### Work to be completed
Once the line containing "Valence, Espagne - AVRIL" is found, please copy it and all lines after it through the end of the records, exactly, leaving out pictures.

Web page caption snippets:
_ _ _ _ _
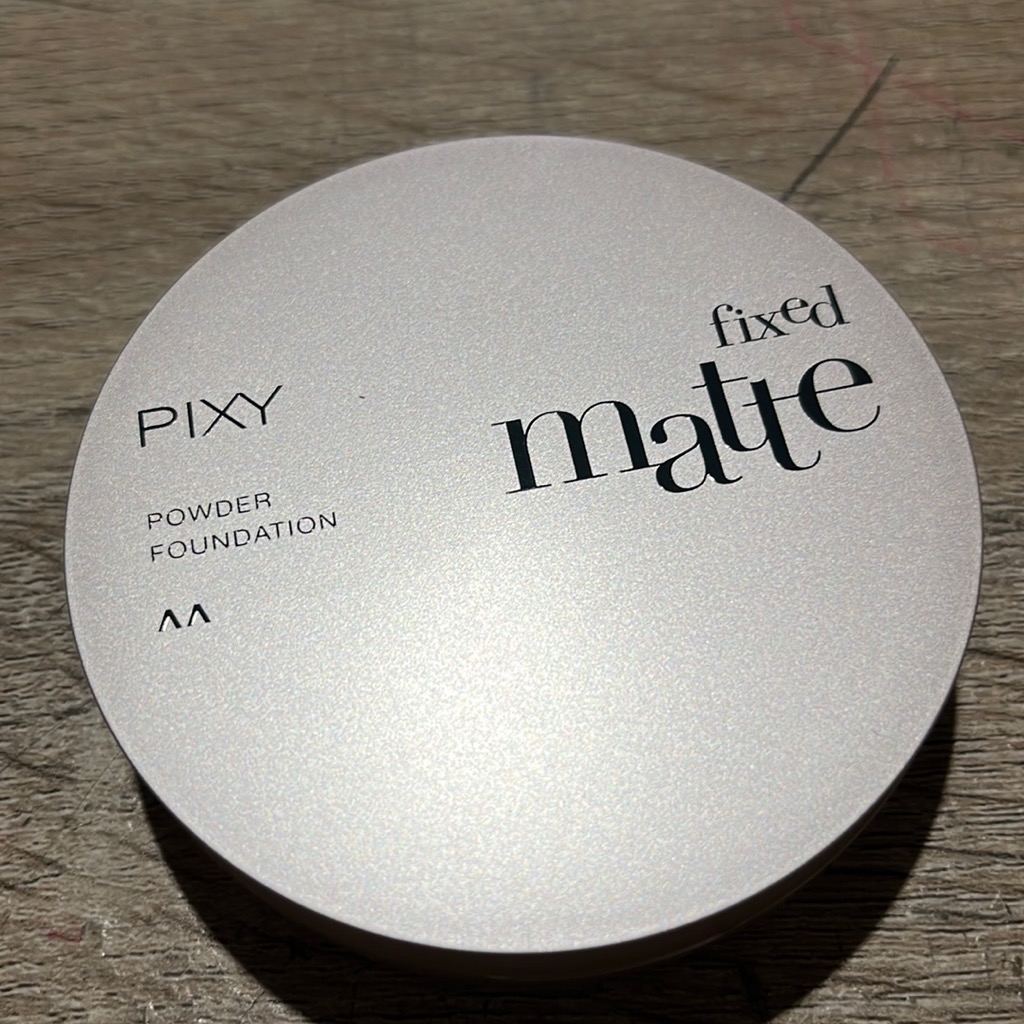 Fixed Matte Powder Foundation - 203W Warm Light imgfdn-ecf22d2c-f2ed-4947-81ce-85cb88e56a84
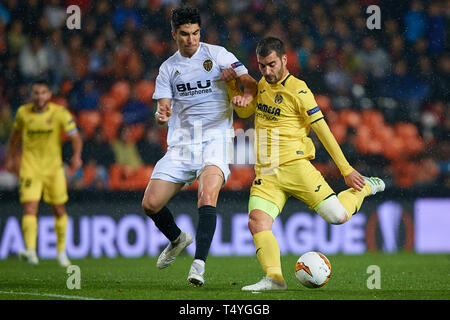Valence, Espagne - AVRIL 18 : Manu Trigueros (R) de Villarreal CF est en concurrence pour le bal avec Carlos Soler de Valence CF au cours de l'UEFA Europa League quart de finale deuxième match de jambe entre Valence et Villarreal à l'Estadi de Mestalla le 18 avril 2019 à Valence, en Espagne. (Photo de David Aliaga/MO Media) Banque D'Images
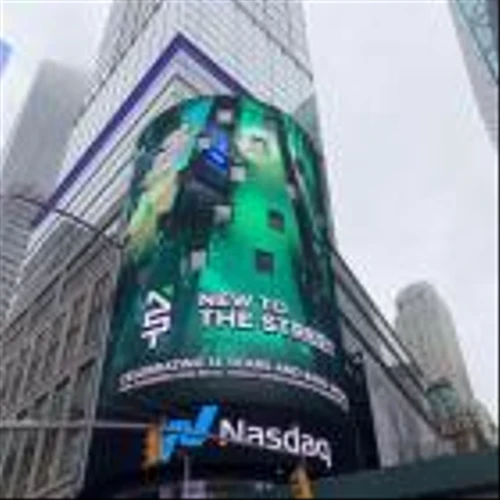 New to the Street Announces Exclusive Bloomberg Lineup for Saturday October 12 at 6:30 PM EST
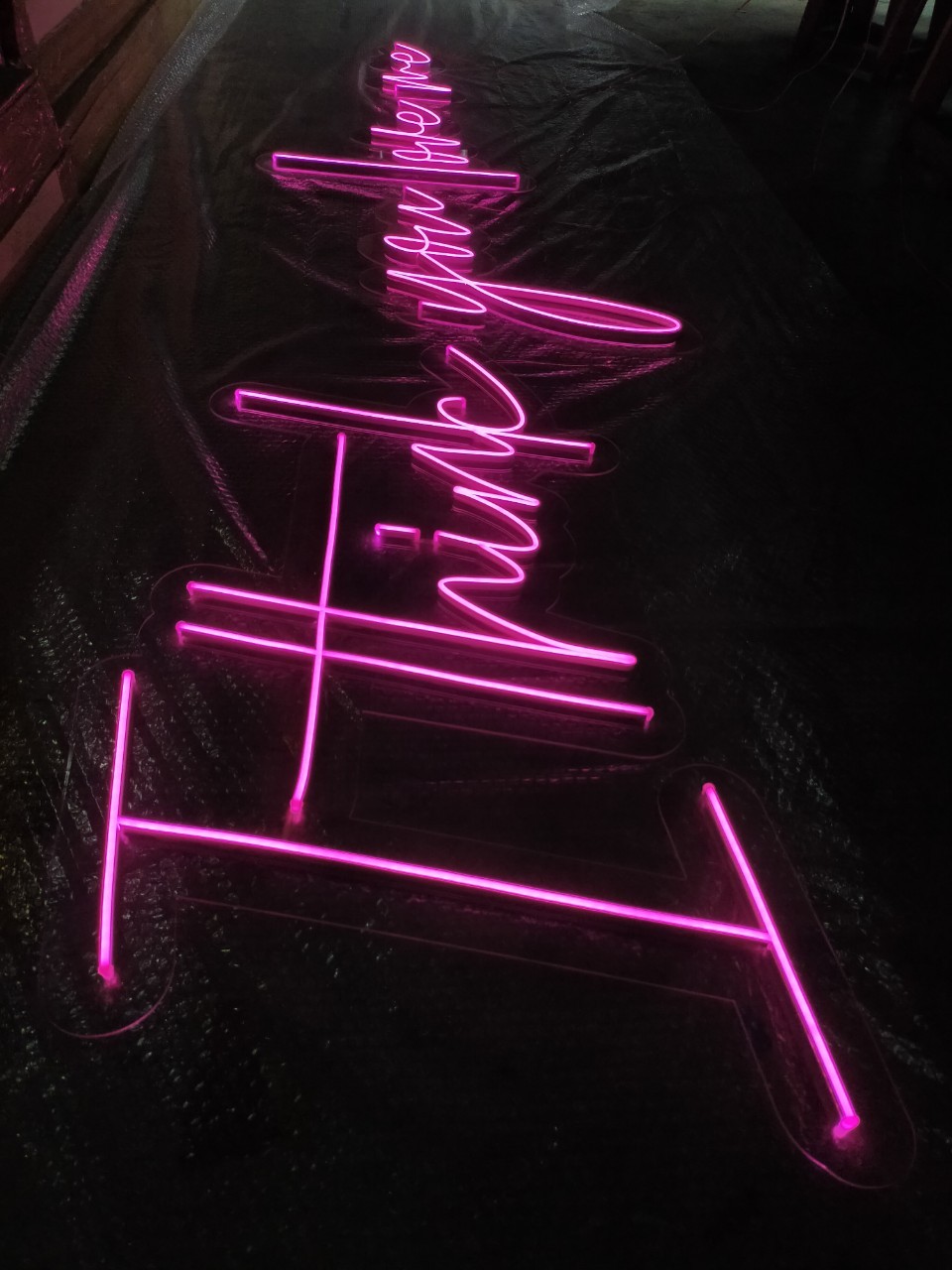 ไฟนีออน เฟค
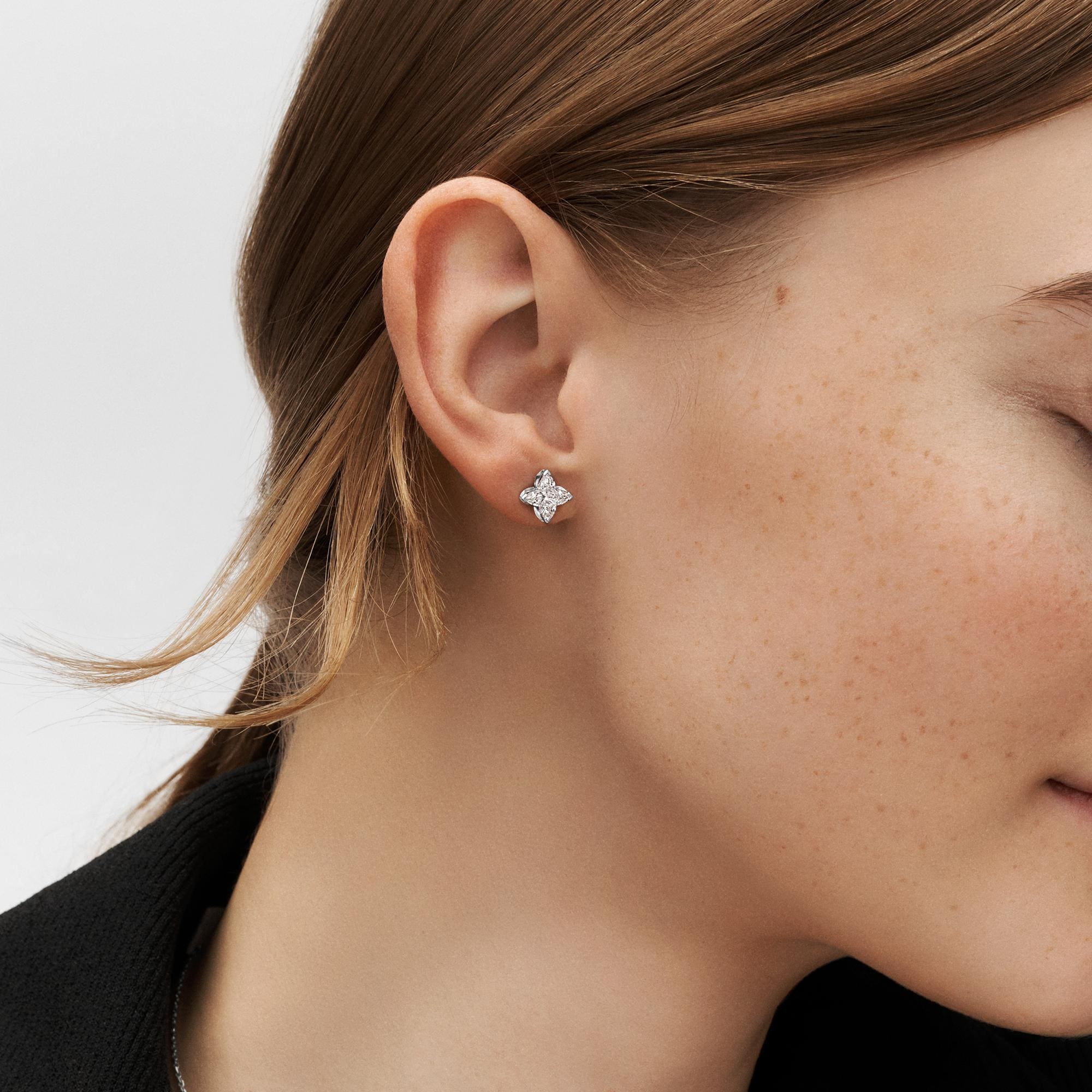 LV Diamonds Ohrstecker, LV Monogram Sternschliff - Einzelstück  Schmuck Kollektionen LV Diamonds | LOUIS VUITTON (Zoom)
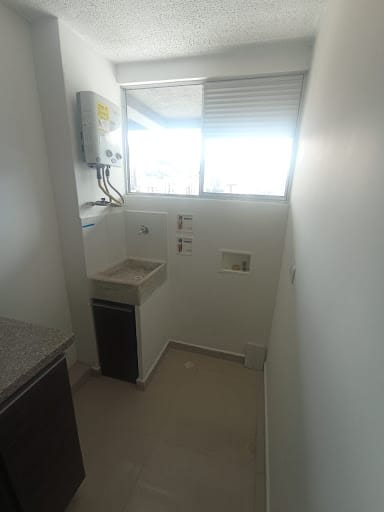 Apartamento de 3 alcobas en arriendo en Restrepo Naranjo, Sabaneta, 78 m² · foto 9 de 14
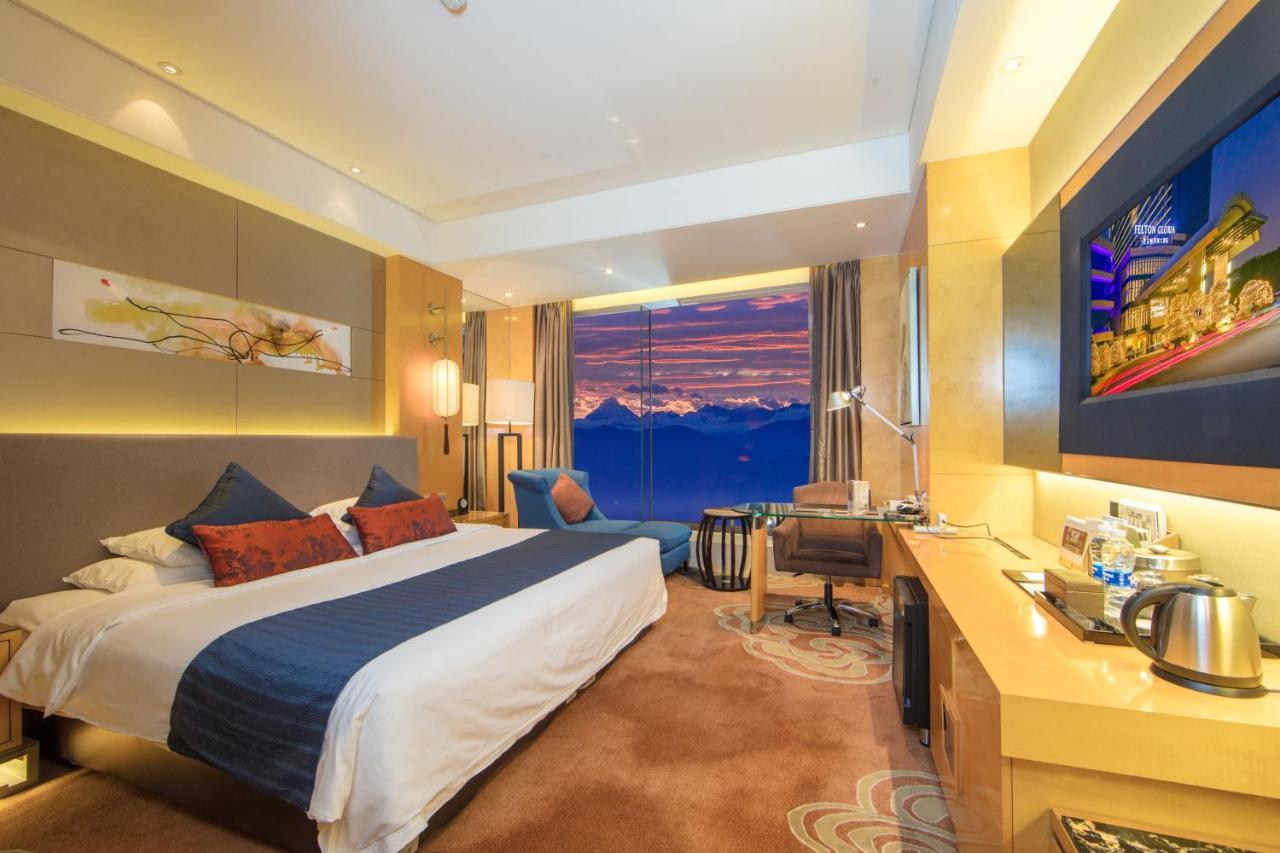 Felton Grand Hotel Чэнду Экстерьер фото
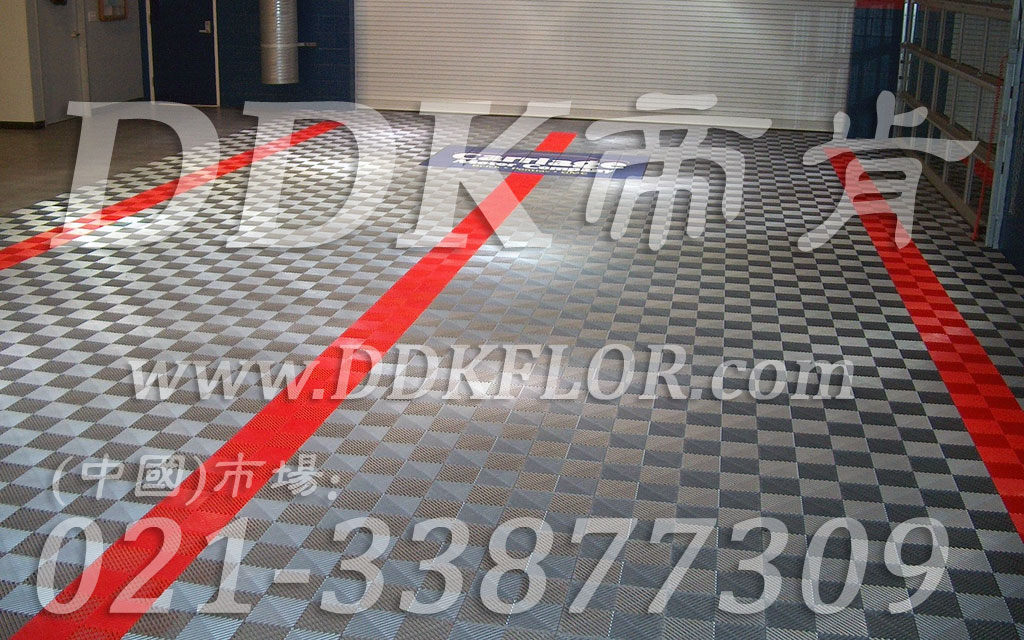 私人車庫(kù)地面鋪裝地板材料(9)_灰色加紅組合樣板圖片,帝肯(DDK)_8100_C618(私人車庫(kù)地面材料)效果圖 私人車庫(kù)地面鋪裝地板材料(9)_灰色加紅組合樣板圖片,帝肯(DDK)_8100_C618(私人車庫(kù)地面材料)效果圖,別墅私家車庫(kù)裝修,車庫(kù)pvc地板,車庫(kù)地坪,車庫(kù)地墊,車庫(kù)地板,車庫(kù)地膠,車庫(kù)塑料地毯,車庫(kù)塑膠地板,車庫(kù)防滑墊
_ _ _ _ _
### Result of the exercise
Valence, Espagne - AVRIL 18 : Manu Trigueros (R) de Villarreal CF est en concurrence pour le bal avec Carlos Soler de Valence CF au cours de l'UEFA Europa League quart de finale deuxième match de jambe entre Valence et Villarreal à l'Estadi de Mestalla le 18 avril 2019 à Valence, en Espagne. (Photo de David Aliaga/MO Media) Banque D'Images
 New to the Street Announces Exclusive Bloomberg Lineup for Saturday October 12 at 6:30 PM EST
 ไฟนีออน เฟค
 LV Diamonds Ohrstecker, LV Monogram Sternschliff - Einzelstück  Schmuck Kollektionen LV Diamonds | LOUIS VUITTON (Zoom)
 Apartamento de 3 alcobas en arriendo en Restrepo Naranjo, Sabaneta, 78 m² · foto 9 de 14
 Felton Grand Hotel Чэнду Экстерьер фото
 私人車庫(kù)地面鋪裝地板材料(9)_灰色加紅組合樣板圖片,帝肯(DDK)_8100_C618(私人車庫(kù)地面材料)效果圖 私人車庫(kù)地面鋪裝地板材料(9)_灰色加紅組合樣板圖片,帝肯(DDK)_8100_C618(私人車庫(kù)地面材料)效果圖,別墅私家車庫(kù)裝修,車庫(kù)pvc地板,車庫(kù)地坪,車庫(kù)地墊,車庫(kù)地板,車庫(kù)地膠,車庫(kù)塑料地毯,車庫(kù)塑膠地板,車庫(kù)防滑墊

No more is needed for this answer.